5. Anti-patterns & Systemic Pitfalls (Trade-offs)
While DIGS is powerful, overusing or misusing it can lead candidates into these systemic traps:
The "Strawman" Fallacy in 'I':
Symptom: Presenting weak, illogical alternative solutions on purpose just to make your chosen solution look like a stroke of genius.
Consequence: The Interviewer (often a Senior/Director) will immediately spot the lack of analytical depth.
Fix: The alternatives must be genuinely viable paths that represent hard trade-offs.
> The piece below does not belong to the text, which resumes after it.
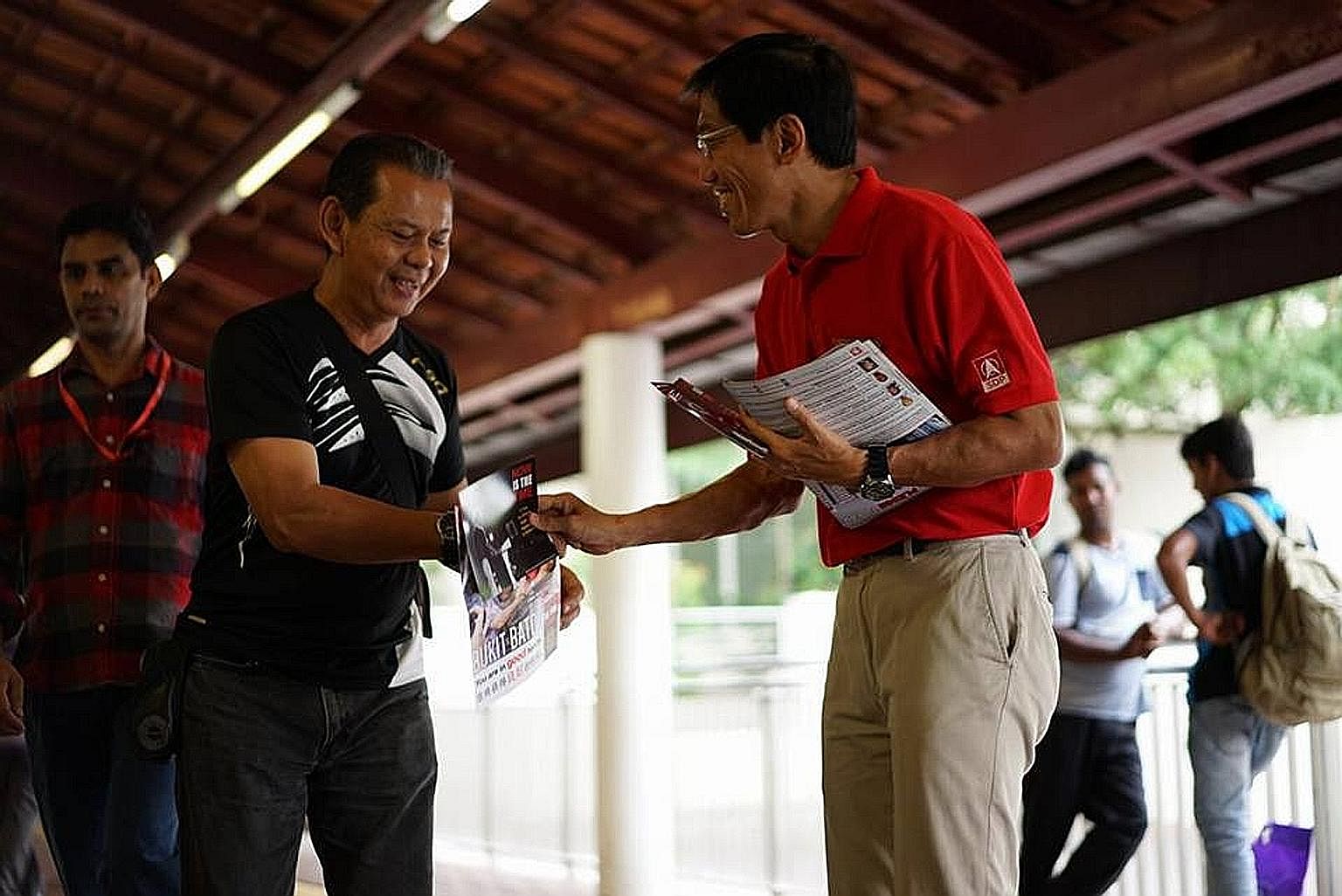 Dr Chee Soon Juan, SDP's candidate for the Bukit Batok by-election, greeting a resident near Bukit Batok MRT station. He spent the Nomination Day eve distributing fliers and greeting commuters at the station.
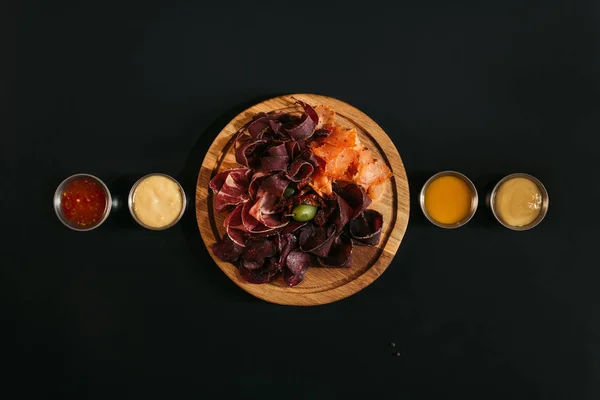 Top View Delicious Sliced Assorted Meat Wooden Board Various Sauces — Stock Photo, Image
Over-dramatizing into a "Victim Mindset":
Symptom: Blaming the context, former teammates, or "incompetent management" to make the stakes sound heavier.
Fix: Maintain extreme objectivity. Frame the context in terms of System Limitations rather than passing judgment on people.
Narrative Latency (Poor Time Allocation):
Symptom: Spending too much time explaining "D" and "I", resulting in rushing through "G" (where you actually prove your execution capability).
Fix: Apply a strict ratio: D (15%) - I (25%) - G (45%) - S (15%).
Vanity Metrics in 'S':
Symptom: Reporting success using meaningless indicators (e.g., "We launched on time," "My boss was happy").
Fix: Always tie the result to an Impact metric (Acquisition, Activation, Retention, Revenue) or an Operational metric (reduced latency, lowered bug rate).
Put this Framework into Practice
Challenge: Rewrite your answer to the prompt "Tell me about your biggest product failure" using the DIGS framework. Ensure the Indicate Alternatives section clearly explains why, at that specific time and with the data you had, the decision that led to failure seemed like the most logical choice.